It Started With a Pink Refrigerator by Ann Haywood Leal

I was four when I became the proud owner of a pink stove and refrigerator.  It was the gift of my dreams and it marked my destiny.  In case some of you were confused, I am not a secret world-class chef.  Those kid-sized kitchen appliances were made out of cardboard, which only meant one thing to me back then.  Sure, I could whip up some pretend blueberry pancakes with that stove, but the best part of all was that it had these perfectly smooth writing surfaces.  I wrote all over those things, and I invited my three-year-old brother to do it, too.  Our mom must have had an inkling about our future chosen professions then, too.  My brother and I weren't writing your standard picture scribbles.  We wrote letters and words.  We got into some trouble, of course, but almost immediately we had our own drawing pads and lined paper.  Mom was an artist and a teacher and she understood.  She was always replenishing the supply.  She knew the importance and the thrill of having your own red mini-stapler and The Box of Sixty-Four.

By the time I was in kindergarten, I had a brief foray into the tabloid realm.  Most kids tattle on their brothers and sisters, but I wrote scathing notes and left them for my parents.  When I moved onto full stories, my poor older brother was often the main character, and he was usually doing something unflattering or unsavory.

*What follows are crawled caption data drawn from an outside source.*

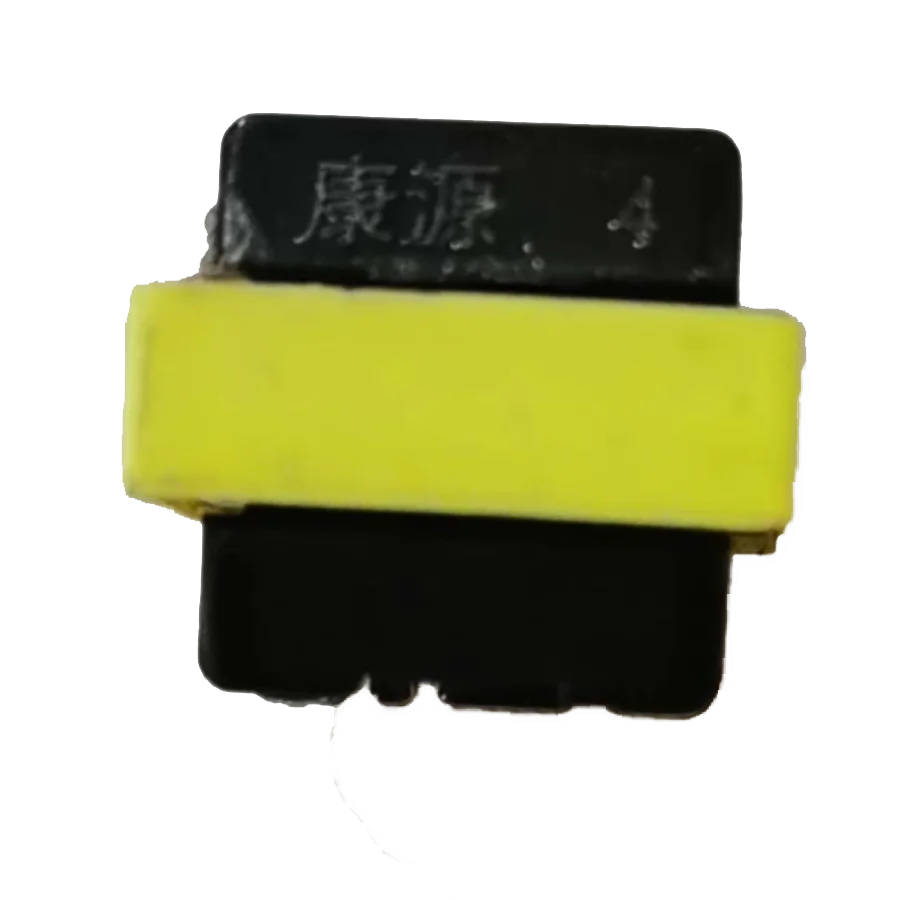China factory wholesale transformer special for electric mosquito swatter circuit board durable transformer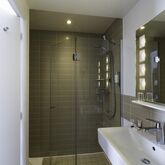 Contact Hotel Alize Montemarte Picture 19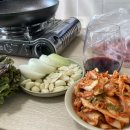 평촌축산물 이미지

By sixth grade I'd done it.  I'd written my first novel.  I made it one hundred pages, because that sounded literary to me.  I was so proud.  I wrote almost all of it on the colored notebook paper for which I'd begged my mom.  Then I made the mistake of announcing my completed novel in the car on the way to swimming lessons.  Unfortunately, it wasn't my parents driving.  It was another carpool parent who happened to be the assistant superintendent of schools.  I said I was going to have it published and he laughed.  I can still remember his voice and what the back of his wide head looked like from the viewpoint of the back seat.

Luckily, I was also at that time deeply ensconced in a love affair with all things Carolyn Keene and Judy Blume.  My mom had recently swiped a very-hard-to-get-at-the-library copy of ARE YOU THERE GOD?  IT'S ME, MARGARET for me.  Just to be clear, she didn't steal it from the library or a book store, she "borrowed" it for the weekend out of the desk of one of her students.  The student had been committing the heinous crime of hoarding a Judy Blume book for over a week. Anyhoo . . . I wrote to Judy Blume and told her all about my epic novel, and SHE WROTE BACK!  She didn't laugh in her letter.  She was gracious and encouraging and she told me to save all of my stories.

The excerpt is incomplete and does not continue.